Singaporeans read in the papers recently that the city has been ranked the world’s most expensive city for the second year in a row by the Economist Intelligence Unit (EIU). This ranking comes as many are beginning to feel more financially insecure, with loud sections of society calling on the government to provide conditions for better wages and social safety nets.
In the EIU report, Singapore was found to have higher groceries, utilities and transport costs as compared to New York City in the US.
According to a Manulife study, only 38% of Singaporeans are satisfied with their financial situations. The same amount of respondants felt that their children would be worse off than them financially.
From 2004 to 2014, wages in Singapore have risen 29.2%, which is barely much higher than the rise of 28.5% in inflationary costs over the same period.

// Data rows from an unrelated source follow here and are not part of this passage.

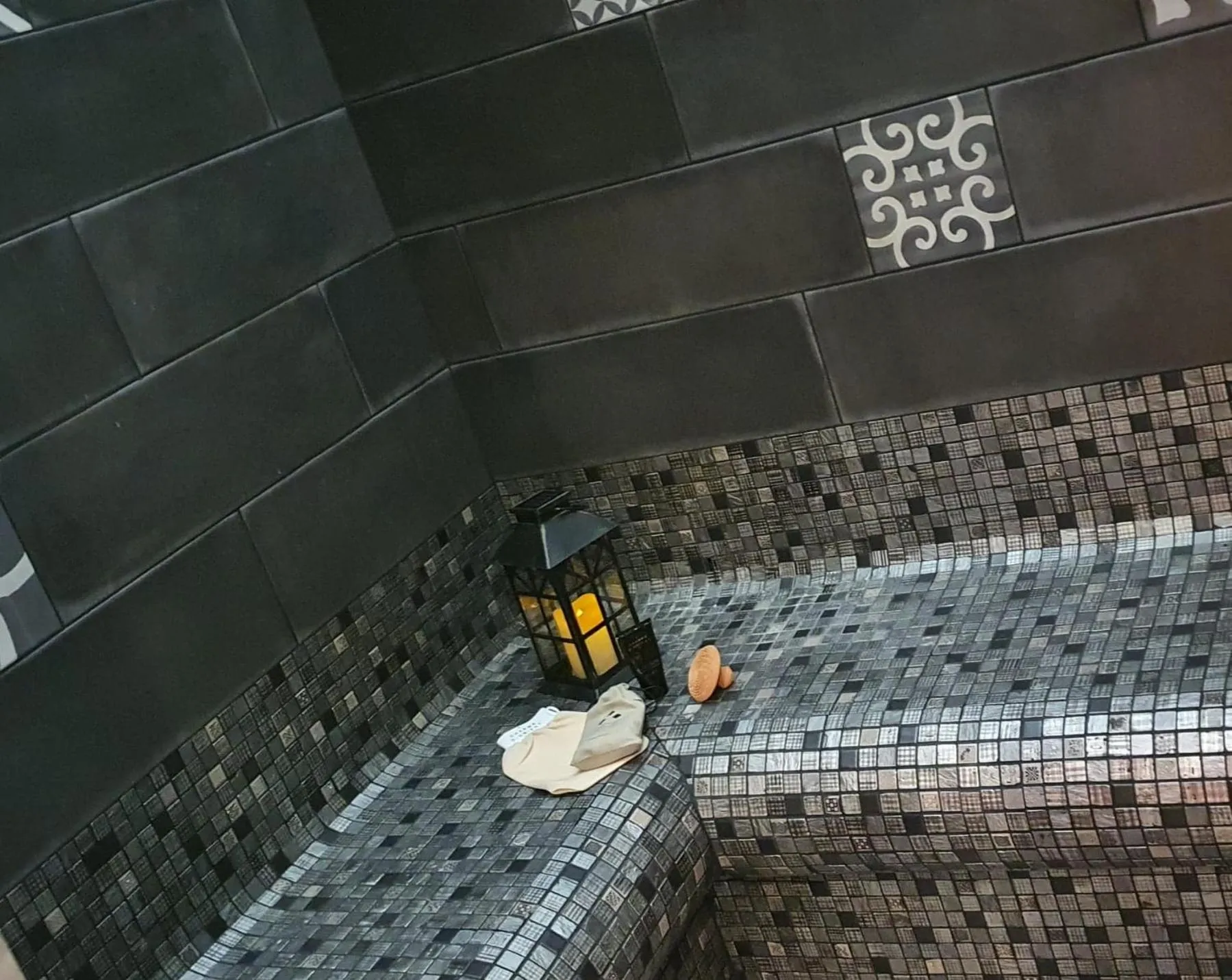 Spa and wellness centre/facilities in Le Trophée Boutique Hôtel Spa- La Loggia Appart'hôtel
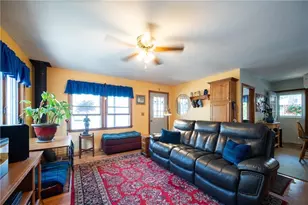 22 Harrison St, Bristol, RI 02809 - Photo 5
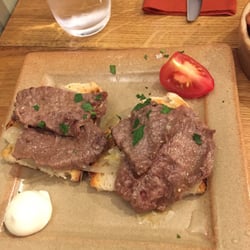 La Bodega - Filet steak on bread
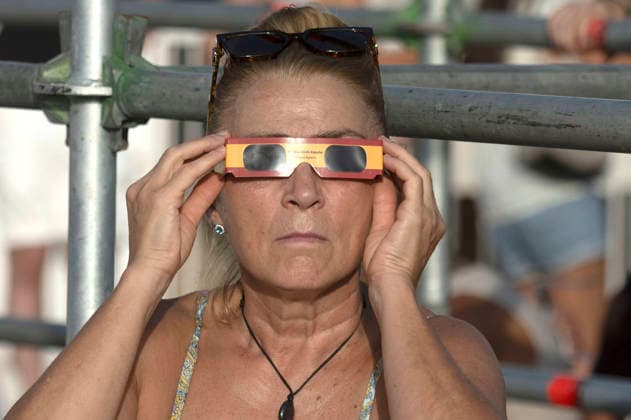 Die totale Sonnenfinsternis vom 12. August 2026 spielte sich größtenteils über Grönland, Island und Spanien sowie dem Nordpolarmeer und dem nördlichen Atlantik ab. Das Maximum der Finsternis lag westlich von Island im Atlantik. Eine Sonnenfinsternis entsteht, wenn sich der Mond exakt zwischen die Sonne und die Erde schiebt. Dabei blockiert der Mond das Sonnenlicht und wirft einen Schatten auf einen kleinen Teil der Erdoberfläche. Menschen beobachten das Ereignis mit speziellen Sonnenfinsternisbrillen (auch SoFi-Brillen) mit einer zertifizierten Spezial-Folie. Im Bild die Sonnenfinsternis fotografiert in Spanien. Alicante, 12.08.2026 *** The total solar eclipse of August 12, 2026, took place largely over Greenland, Iceland, and Spain, Foto:xDyDxFotografosx xFuturexImagex sonnenfinsternis_6810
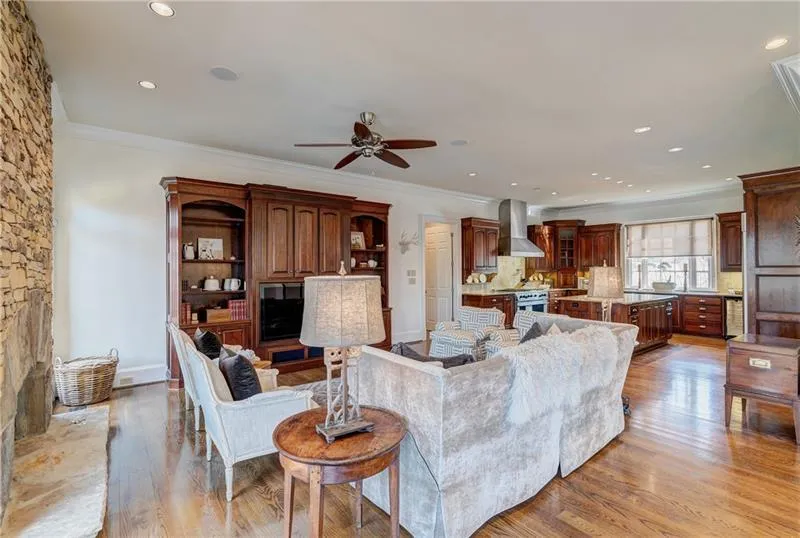 4966 Powers Ferry Road, Atlanta, Georgia 30327, 5 Bedrooms Bedrooms, ,5 BathroomsBathrooms,Residential,Sold,4966 Powers Ferry Road,6582402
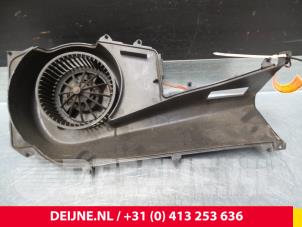 Usagé Ventilateur chauffage Renault Twingo Prix € 10,00 Règlement à la marge proposé par van Deijne Onderdelen Uden B.V.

This could be a reason why Singaporeans are now clamoring for better wage packages. Local workers aged 20 to 35 years old face the greatest financial pressure as they enter into marriages, give birth to children and support their aging parents.
Growing financial insecurity may also be fueling the job hopping habits of younger workers under 35 years old, who switch jobs every 3 and a half years on average. Job hoppers are tempted by te 10-20% salary raises that rival companies offer, as compared to the measly 3 to 5% offered by the same company if they had stayed on.
But money is not the only factor driving Singaporeans to search for better pastures. Some Singaporeans have taken pay cuts to join companies which provided better benefits packages. According to a Hudson’s survey, a company’s benefits package was the second most important reason for Singaporeans considering a new job application, followed by career progression (67%), work life balance (64%), and a culture fit within the organisation (64%).